→ SUPPLIED MATERIAL:
------------------------------
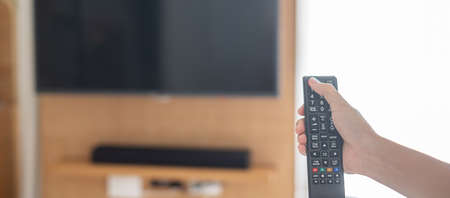 hand using remote controller for adjust Smart TV inside the modern room at home or luxury hotel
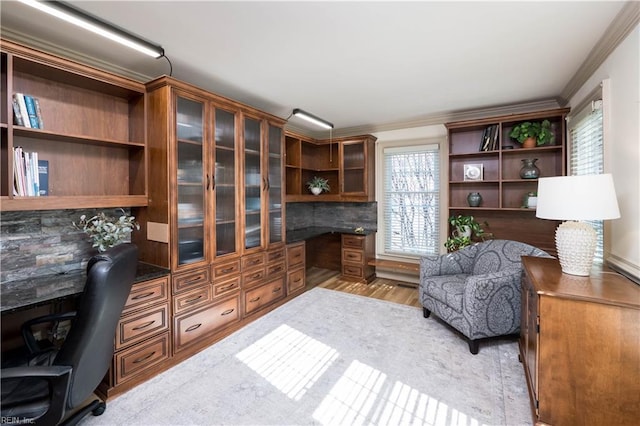 office area featuring ornamental molding, built in desk, and light hardwood / wood-style floors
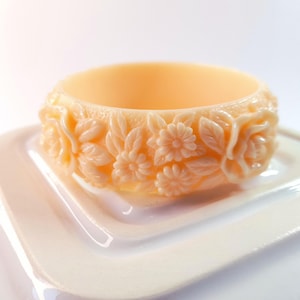 May include: A peach-coloured bangle bracelet with a floral design. The bracelet features carved roses, daisies, and leaves around the band. The bracelet is made of a solid material and sits on a white surface.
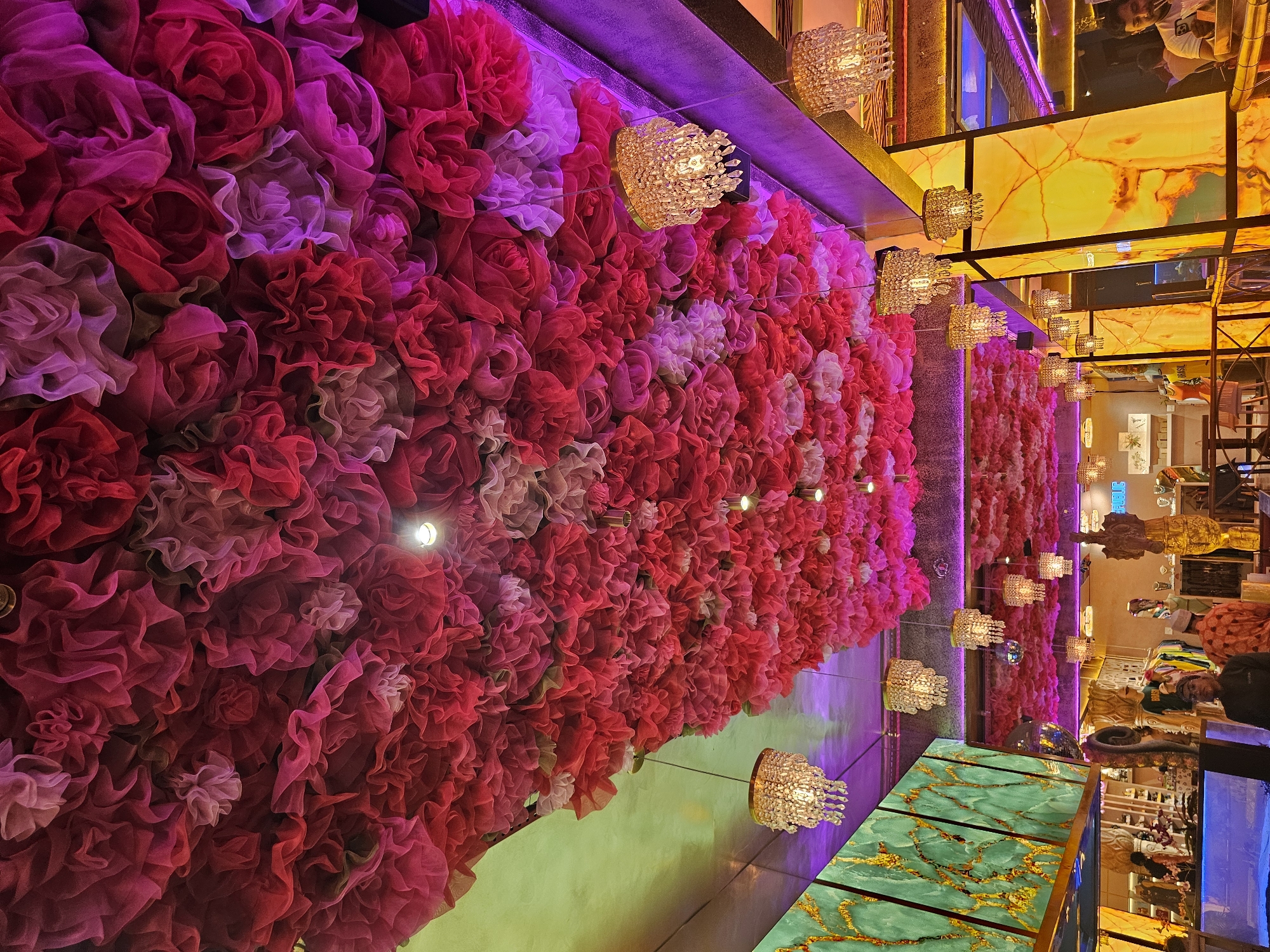 A vertically oriented, high-angle photograph showcases a decorative interior in Armação Dos Búzios, Brazil. Dominating the left side is a textured wall covered densely with fabric flowers in shades of pink, red, and light purple. Small, ornate chandeliers are suspended from the ceiling along the floral wall's edge.
To the right of the floral wall, the photograph captures a segment of the interior with a brightly lit, yellow-colored ceiling featuring a decorative pattern. Multiple chandeliers continue to be suspended from this ceiling as well.
A portion of the interior, including shelves stocked with items that may be merchandise, and people, can be seen in the background. In the foreground, there is a reflective, patterned surface in shades of green and gold.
------------------------------
→ AIM OF THE TASK:
Your answer must be the full listing, word for word, minus any images.

→ EXERCISE RESPONSE:
 hand using remote controller for adjust Smart TV inside the modern room at home or luxury hotel
 office area featuring ornamental molding, built in desk, and light hardwood / wood-style floors
 May include: A peach-coloured bangle bracelet with a floral design. The bracelet features carved roses, daisies, and leaves around the band. The bracelet is made of a solid material and sits on a white surface.
 A vertically oriented, high-angle photograph showcases a decorative interior in Armação Dos Búzios, Brazil. Dominating the left side is a textured wall covered densely with fabric flowers in shades of pink, red, and light purple. Small, ornate chandeliers are suspended from the ceiling along the floral wall's edge.
To the right of the floral wall, the photograph captures a segment of the interior with a brightly lit, yellow-colored ceiling featuring a decorative pattern. Multiple chandeliers continue to be suspended from this ceiling as well.
A portion of the interior, including shelves stocked with items that may be merchandise, and people, can be seen in the background. In the foreground, there is a reflective, patterned surface in shades of green and gold.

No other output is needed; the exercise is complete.